The course combined theoretical background with hands-on implementation, with about 70 percent of the time dedicated to lectures and the remaining 30 percent to exercises. It began with an overview of hierarchical modelling and spatial statistics, then moved into scalable modelling techniques using `spOccupancy` and `spAbundance`. Over four packed days, participants worked through topics including single- and multi-species occupancy models, joint species distribution models with imperfect detection, and multi-season models. Later sessions focused on modelling count data using spatial GLMMs, N-mixture models, and hierarchical distance sampling. Real-world applications, such as analyses of Swiss bird data, anchored the exercises in practice. Each day ran from 9:00 to around 17:30, with generous breaks and time set aside for questions and discussion.

Introduction to Hierarchical Models for Distribution and Abundance

The opening session of the workshop set the foundation of hierarchical modelling by introducing the concept of HMs (hierarchical models) and explaining how they help us answer core ecological questions. These questions include: How many individuals are there? Where are they? How do abundance and distribution vary across space and time? And what environmental or demographic factors drive these patterns?

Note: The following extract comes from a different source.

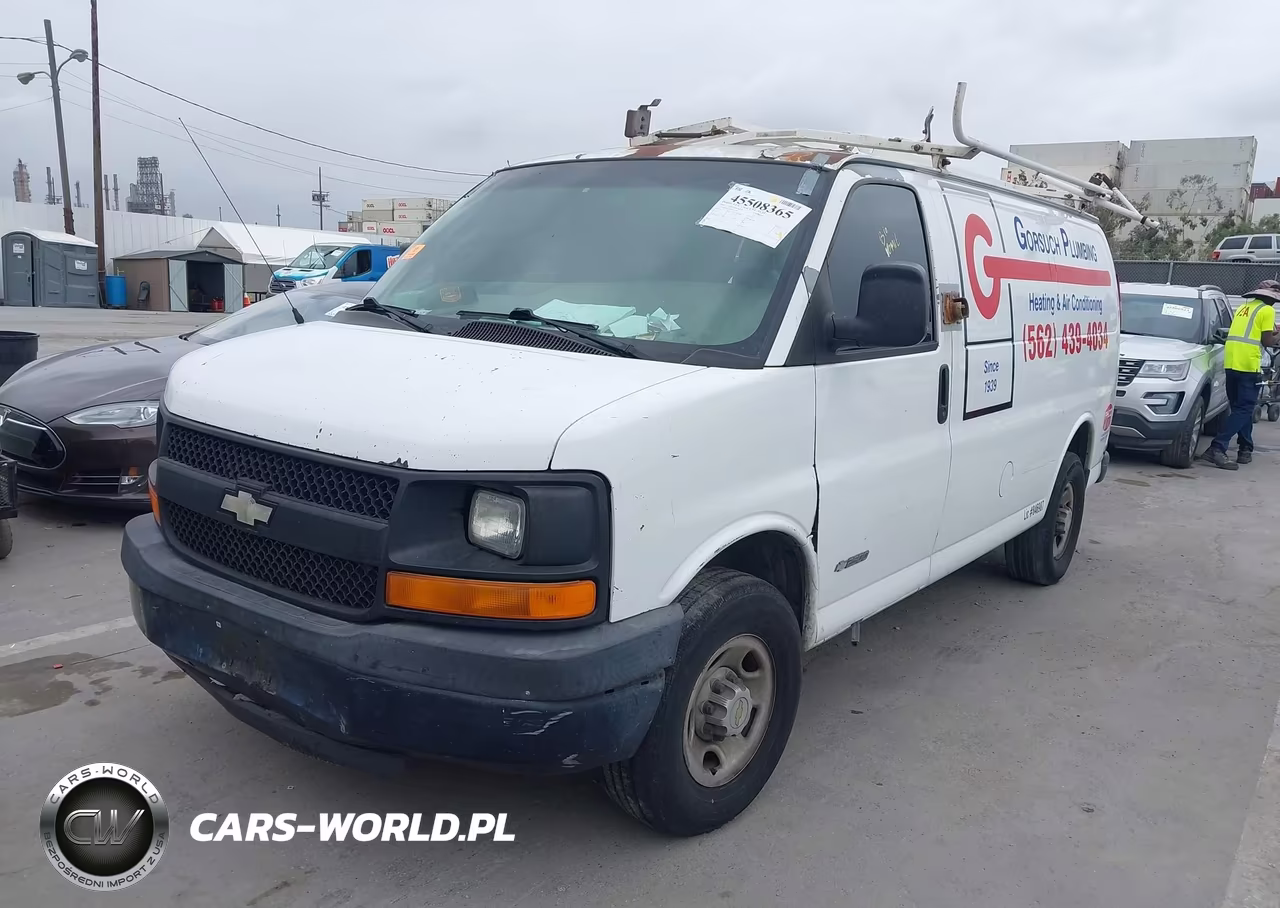 2004 Chevrolet Express VIN:1GCGG25V941213782 - 2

At the heart of this framework lies the idea of point patterns. In theory, the most fundamental way to describe a population or community is as a realization of a stochastic point process. A point pattern consists of a set of spatial coordinates, with each point representing an individual organism. This can be modeled using a homogeneous or inhomogeneous point process,, depending on whether intensity (expected density of individuals) varies across space.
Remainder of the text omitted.